• _DATA TO USE_

--

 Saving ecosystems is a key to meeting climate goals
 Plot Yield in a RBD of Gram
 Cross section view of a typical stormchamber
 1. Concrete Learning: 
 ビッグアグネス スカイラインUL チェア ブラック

--

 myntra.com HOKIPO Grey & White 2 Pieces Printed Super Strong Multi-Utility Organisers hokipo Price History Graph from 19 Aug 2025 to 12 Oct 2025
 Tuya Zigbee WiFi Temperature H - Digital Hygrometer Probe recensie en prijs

--

• _EXERCISE REQUIREMENTS_
What is asked for is an exact copy of the lines above from the one containing "Saving ecosystems is" through the one containing "ビッグアグネス スカイラインUL チェア ブラック", and only those.

• _OUTPUT OF THE TASK_
 Saving ecosystems is a key to meeting climate goals
 Plot Yield in a RBD of Gram
 Cross section view of a typical stormchamber
 1. Concrete Learning: 
 ビッグアグネス スカイラインUL チェア ブラック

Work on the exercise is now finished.